Linda K. Hughes, Addie Levy Professor of Literature at Texas Christian University, Fort Worth, Texas, specializes in Victorian literature, publishing history, and women’s studies. She is the author of Graham R.: Rosamund Marriott Watson, Woman of Letters (2005) and The Cambridge Introduction to Victorian Poetry (Cambridge University Press, 2010). She has co-authored with Michael Lund The Victorian Serial (1991) and Victorian Publishing and Mrs. Gaskell’s Work (1999), and has additionally completed several editorial projects. Her most recent essays include “‘Frater, ave?’ Tennyson and Swinburne,” in Tennyson Among the Poets: Bicentenary Essays (Oxford University Press, 2009) and “Discoursing of Xantippe: Amy Levy, Classical Scholarship, and Print Culture” (Philological Quarterly, Summer 2009 [published May 2010]).

Joanna Shawn Brigid O’Leary is a doctoral student at Rice University in Houston, Texas. Her research interests include chemistry and medicine in literature, child mortality, feminist and sexuality studies, and food history. She has published in Victorian Network and is currently working on a project on representations of infectious diseases in nineteenth-century British and American novels.

Christopher L. Reese is a Ph.D. candidate at the University of Kentucky. His dissertation project is concerned with the ways in which humor is used to shape shifting national identities in the mid-eighteenth to early nineteenth-century novel. His general interests include the eighteenth-century novel, literature by women, and comedy and theories of humor.

Solveig C. Robinson is Associate Professor of English and Director of the Publishing & Printing Arts Program at Pacific Lutheran University in Tacoma, WA. She is the author of a number of articles on Victorian publishing history and the editor of A Serious Occupation: Literary Criticism by Victorian Women Writers (Broadview, 2003).

Janice Schroeder is an Associate Professor of English at Carleton University in Ottawa, Ontario. She has published articles on the Victorian feminist press and platform in such journals as Victorian Periodicals Review and Nineteenth Century Contexts, and is the co-editor of Nineteenth Century British Women’s Education, 1840-1900 with Susan Hamilton. Her current research is on the nineteenth-century schoolroom and voice culture.

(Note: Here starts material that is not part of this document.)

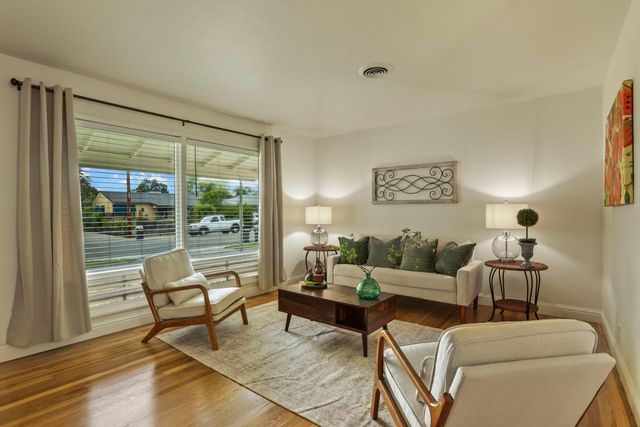 32 E Mckenzie Ave, Stockton, CA 95204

Joanne Shattock teaches at the Victorian Studies Centre at the University of Leicester, UK. Her publications include The Works of Elizabeth Gaskell (2005-6) of which she was General Editor, and Editor of vol. 1, Journalism, Early Fiction and Personal Writings. She has edited The Cambridge Companion to English Literature 1830-1914 (2010) to which she contributed an essay “The Culture of Criticism.” She is currently editing, with Elizabeth Jay, a 25 volume edition of Selected Works of Margaret Oliphant, forthcoming in 2011.

Michelle Tusan is an Associate Professor of History at the University of Nevada Las Vegas. She is the author of Women Making News: Gender and Journalism in Modern Britain (2005) and most recently “The Business of Relief Work: A Victorian Quaker in Constantinople and Her Circle” in Victorian Studies (Summer 2009). She is currently writing a cultural history of the Eastern Question.

Teresa Zackodnik teaches in the Department of English and Film Studies at the U of A, specializing in early African American feminism, African- and Asian American literature, and critical race studies. She is author of The Mulatta and the Politics of Race (UP of Mississippi, 2004), and editor of African American Feminisms 1828-1923, 6 volumes (Routledge: History of Feminisms Series, 2007) and We Must Be Up and Doing: A Reader in Nineteenth-Century African American Feminisms (Peterborough: Broadview Press, 2010).